Spectacles. Speculations… exhibition review by Billie McTernan

 

Imagine you are watching some action on a digital screen and the screen goes blank. The sound continues but you see nothing. You keep your eyes on the screen urging the action to return to it. You shuffle in your seat. You look around you. You desire it. What if the action, as you saw it, never returns. Instead another image appears on the screen and it is of you. You are now looking at yourself, looking at yourself.

Curator Kwasi Ohene-Ayeh introduces the exhibition hall for ‘Spectacles. Speculations…‘ as a laboratory, a testing ground for visual and auditory stimuli. The exhibition seeks “an experimental exhibitionary approach to analysing the contemporary condition of the image given its immanence of aesthetics and politics,” he writes in his curatorial statement. To this end Ohene-Ayeh focuses on spectacles by way of mass media, advertising, and the Internet. Tools of our time used to transmit, and receive, information.

Pointing to the last century, he further describes the spectacle as “a regime of images manufactured by ruling classes to subvert reality and indeed to replace it.” It is the means by which the global power struggle between capitalist, socialist, communist and fascist ideologies played out in the arts – in film in particular – and the way images were used and disseminated as a means of justifying causes. In the current age, as capitalism rules supreme, images are created to feed an appetite of consumerism. By regime, a word associated with political oppression, there is little room to mistake the curator’s misgivings about the modern way images are presented.

To think about the image I look to philosopher Vilém Flusser’s forward-looking essay – first published in 1985 – Into the Universe of Technical Images. In which he writes:

“Technical images are currently connected so that their senders are at the center of society, places from which the images are broadcast to scatter and disperse the society.”

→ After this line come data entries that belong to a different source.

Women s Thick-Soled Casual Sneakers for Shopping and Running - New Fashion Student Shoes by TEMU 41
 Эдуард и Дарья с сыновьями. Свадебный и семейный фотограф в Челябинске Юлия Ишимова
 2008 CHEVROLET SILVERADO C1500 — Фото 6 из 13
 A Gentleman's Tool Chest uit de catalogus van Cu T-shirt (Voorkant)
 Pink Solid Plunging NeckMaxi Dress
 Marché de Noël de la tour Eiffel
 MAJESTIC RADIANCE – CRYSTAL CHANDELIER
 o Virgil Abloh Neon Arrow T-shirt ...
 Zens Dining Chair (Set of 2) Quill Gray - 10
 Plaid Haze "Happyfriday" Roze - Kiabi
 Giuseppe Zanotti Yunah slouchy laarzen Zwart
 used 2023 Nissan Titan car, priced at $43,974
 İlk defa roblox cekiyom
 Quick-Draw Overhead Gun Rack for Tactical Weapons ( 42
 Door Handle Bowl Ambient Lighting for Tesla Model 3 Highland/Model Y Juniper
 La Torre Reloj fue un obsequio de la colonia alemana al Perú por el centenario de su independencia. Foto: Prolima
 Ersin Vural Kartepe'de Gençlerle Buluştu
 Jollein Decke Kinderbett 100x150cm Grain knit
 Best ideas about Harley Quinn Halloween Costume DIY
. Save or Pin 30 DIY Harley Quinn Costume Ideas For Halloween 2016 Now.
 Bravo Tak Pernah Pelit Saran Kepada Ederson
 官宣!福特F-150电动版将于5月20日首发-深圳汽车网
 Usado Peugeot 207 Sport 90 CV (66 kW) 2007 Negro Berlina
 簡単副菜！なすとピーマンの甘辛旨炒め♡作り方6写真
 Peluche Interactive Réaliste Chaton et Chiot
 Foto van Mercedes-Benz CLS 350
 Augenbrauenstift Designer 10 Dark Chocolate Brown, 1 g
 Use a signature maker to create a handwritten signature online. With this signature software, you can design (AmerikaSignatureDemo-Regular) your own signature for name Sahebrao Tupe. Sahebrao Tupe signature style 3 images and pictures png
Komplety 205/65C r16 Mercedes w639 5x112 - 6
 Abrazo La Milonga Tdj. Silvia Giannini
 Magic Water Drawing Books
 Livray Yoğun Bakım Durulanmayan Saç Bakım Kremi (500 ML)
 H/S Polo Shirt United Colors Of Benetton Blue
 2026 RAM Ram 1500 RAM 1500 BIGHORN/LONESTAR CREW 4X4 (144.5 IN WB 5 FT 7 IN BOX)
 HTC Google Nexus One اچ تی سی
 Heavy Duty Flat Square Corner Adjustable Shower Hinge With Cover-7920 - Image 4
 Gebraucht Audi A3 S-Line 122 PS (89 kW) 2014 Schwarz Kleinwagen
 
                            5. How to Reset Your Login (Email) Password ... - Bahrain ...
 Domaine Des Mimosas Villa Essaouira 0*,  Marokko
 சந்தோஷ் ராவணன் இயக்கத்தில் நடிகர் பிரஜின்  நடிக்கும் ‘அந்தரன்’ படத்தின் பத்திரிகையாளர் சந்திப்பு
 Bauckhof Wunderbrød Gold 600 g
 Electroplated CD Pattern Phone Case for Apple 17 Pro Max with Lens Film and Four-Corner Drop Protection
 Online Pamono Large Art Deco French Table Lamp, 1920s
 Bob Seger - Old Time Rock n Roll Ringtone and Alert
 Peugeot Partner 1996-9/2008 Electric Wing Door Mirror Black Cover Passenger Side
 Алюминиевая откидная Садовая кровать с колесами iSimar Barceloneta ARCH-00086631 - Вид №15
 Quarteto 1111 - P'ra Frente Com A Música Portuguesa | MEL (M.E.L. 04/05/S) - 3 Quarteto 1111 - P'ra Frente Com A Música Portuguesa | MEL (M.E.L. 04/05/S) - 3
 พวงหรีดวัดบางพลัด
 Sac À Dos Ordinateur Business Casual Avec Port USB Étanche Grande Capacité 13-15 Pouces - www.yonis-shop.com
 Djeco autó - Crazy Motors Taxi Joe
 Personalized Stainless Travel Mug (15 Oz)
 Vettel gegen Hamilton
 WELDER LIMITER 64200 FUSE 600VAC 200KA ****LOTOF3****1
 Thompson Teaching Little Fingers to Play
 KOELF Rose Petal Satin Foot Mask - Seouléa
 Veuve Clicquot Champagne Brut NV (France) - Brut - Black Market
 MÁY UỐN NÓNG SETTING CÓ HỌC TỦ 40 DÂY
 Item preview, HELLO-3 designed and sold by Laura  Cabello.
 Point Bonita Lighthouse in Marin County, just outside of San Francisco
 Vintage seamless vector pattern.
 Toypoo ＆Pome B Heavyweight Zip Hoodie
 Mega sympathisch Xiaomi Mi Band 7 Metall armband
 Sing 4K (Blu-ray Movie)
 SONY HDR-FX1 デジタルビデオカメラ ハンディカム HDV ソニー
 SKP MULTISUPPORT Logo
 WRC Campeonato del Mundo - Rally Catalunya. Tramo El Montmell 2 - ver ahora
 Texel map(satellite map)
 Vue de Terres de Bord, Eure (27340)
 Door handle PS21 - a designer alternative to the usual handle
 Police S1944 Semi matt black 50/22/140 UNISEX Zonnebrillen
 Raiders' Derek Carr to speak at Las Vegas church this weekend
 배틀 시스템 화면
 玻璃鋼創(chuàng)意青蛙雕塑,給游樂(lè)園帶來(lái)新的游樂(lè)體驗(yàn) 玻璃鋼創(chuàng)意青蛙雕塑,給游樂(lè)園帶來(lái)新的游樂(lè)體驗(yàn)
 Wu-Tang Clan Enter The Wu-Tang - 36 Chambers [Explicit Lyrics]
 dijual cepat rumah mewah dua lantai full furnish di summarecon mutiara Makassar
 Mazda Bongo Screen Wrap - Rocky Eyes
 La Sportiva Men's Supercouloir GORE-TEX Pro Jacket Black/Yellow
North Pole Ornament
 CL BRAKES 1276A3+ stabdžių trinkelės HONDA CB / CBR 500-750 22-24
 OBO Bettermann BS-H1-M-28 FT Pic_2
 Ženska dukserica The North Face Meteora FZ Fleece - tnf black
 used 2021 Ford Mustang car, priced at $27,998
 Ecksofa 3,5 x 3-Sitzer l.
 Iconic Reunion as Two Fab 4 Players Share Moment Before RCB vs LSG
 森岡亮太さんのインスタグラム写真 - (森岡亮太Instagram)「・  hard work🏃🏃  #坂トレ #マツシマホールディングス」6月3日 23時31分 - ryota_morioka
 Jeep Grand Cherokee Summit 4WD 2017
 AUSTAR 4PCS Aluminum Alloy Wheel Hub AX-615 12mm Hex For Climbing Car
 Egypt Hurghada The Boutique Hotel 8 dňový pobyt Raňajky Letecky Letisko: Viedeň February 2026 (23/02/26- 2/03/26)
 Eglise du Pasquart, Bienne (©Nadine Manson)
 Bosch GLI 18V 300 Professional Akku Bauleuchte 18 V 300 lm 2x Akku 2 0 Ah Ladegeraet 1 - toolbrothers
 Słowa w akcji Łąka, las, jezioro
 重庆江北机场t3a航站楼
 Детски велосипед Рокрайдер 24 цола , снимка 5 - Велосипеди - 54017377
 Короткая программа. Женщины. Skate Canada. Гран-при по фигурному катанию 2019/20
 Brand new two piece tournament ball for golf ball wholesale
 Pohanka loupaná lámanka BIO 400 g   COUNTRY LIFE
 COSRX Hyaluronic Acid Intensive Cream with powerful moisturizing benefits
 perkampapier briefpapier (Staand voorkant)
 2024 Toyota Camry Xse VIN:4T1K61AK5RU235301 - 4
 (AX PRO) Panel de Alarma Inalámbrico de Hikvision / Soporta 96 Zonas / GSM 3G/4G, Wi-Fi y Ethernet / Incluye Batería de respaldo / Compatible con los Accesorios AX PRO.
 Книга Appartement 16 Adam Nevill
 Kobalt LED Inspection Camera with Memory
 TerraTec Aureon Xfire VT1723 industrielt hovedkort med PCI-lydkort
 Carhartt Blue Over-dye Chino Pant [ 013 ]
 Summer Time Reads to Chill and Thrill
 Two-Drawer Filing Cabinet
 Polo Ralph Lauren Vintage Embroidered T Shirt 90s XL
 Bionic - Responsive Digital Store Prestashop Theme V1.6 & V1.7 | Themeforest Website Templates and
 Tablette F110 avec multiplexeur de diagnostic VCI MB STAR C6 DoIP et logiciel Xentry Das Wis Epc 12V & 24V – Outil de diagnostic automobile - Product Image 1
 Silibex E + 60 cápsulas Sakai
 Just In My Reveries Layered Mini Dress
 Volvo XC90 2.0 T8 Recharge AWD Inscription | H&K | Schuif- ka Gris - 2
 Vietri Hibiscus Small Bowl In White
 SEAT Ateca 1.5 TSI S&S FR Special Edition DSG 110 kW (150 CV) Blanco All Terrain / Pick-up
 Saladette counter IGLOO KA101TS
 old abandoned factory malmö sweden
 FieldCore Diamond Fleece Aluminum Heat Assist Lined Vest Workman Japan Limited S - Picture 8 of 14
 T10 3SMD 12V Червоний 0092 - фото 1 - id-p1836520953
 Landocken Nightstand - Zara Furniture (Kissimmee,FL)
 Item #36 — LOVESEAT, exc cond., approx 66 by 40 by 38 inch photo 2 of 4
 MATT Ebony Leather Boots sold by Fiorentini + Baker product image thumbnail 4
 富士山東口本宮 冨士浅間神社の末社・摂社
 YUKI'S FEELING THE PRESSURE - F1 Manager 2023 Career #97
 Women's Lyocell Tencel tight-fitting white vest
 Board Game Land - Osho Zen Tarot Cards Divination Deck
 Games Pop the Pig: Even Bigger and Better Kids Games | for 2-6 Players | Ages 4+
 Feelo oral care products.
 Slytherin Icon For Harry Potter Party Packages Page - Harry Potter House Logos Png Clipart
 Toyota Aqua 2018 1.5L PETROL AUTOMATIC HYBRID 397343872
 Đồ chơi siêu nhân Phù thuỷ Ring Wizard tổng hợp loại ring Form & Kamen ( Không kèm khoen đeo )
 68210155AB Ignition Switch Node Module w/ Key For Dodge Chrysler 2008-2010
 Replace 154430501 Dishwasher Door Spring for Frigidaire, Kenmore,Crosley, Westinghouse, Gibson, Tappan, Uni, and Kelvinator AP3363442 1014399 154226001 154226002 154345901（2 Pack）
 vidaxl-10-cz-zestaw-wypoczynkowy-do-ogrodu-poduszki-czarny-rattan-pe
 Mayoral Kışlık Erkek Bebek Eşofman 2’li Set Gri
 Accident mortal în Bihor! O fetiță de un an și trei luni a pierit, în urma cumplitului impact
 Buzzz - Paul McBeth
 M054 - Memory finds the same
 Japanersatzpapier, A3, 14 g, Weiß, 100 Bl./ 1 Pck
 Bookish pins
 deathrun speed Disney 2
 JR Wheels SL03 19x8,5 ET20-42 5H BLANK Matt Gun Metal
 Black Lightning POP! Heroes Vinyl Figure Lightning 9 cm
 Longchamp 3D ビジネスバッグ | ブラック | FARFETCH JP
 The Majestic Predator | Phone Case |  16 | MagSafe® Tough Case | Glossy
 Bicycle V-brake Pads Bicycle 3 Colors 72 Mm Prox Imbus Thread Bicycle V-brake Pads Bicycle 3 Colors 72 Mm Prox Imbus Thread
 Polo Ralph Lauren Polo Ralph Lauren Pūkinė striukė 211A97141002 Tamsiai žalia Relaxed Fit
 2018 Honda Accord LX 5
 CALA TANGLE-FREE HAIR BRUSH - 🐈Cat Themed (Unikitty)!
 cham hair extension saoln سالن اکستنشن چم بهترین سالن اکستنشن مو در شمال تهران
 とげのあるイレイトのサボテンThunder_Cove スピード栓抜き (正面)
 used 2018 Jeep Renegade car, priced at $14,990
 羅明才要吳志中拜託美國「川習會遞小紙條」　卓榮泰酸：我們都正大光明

With the propensity of social and digital media, we are in the position to increasingly observe but not necessarily interact with each other. He points to the illusionary nature of these centres of society, the subversion of reality.

He later adds:

“They are like the proverbial onion: layer after layer comes away, but when everything has been understood, explained, there’s nothing left. It appears that no one and nothing lies at the center of contemporary society: senders are nothing but those dimensionless points from which the media bundles stream.”

Where Flusser views this as a non-place that has developed from an increasingly automated and functionary use of technology, here, in this room filled with screens and video projections it feels as though we have stepped into a control room. A physical behind-the-scenes place we would normally not have access to.

One of the most striking pieces in the show is ‘Fooding‘ by Poku Mensah, who, like a roasted turkey, is crouched, tied up and gagged on a chopping board, while hands grab the potatoes and oranges on plates around him. Occasionally a meat cleaver is clenched and a piece of bread wiped along his back. When the artist, in his portrayal, looks around the room he is in and occasionally looks into the camera there is a sense of desperation. It is uncomfortable to watch and yet I can’t take my eyes off of it. I feel like a voyeur, passively observing the destruction and exploitation of his body.

On four screens, adjacent to each other, we watch a sequence of a man performing sequences of Karate katas. It would seem that he has mastered those steps, he moves methodically, carrying out a ritual. Through Kwabena Afriyie Poku‘s installation we are peering into his space, his process, watching his hands sway, the thrust of his leg and stamp of his feet. Though less harmful than that of the previous piece, the voyeuristic feeling returns.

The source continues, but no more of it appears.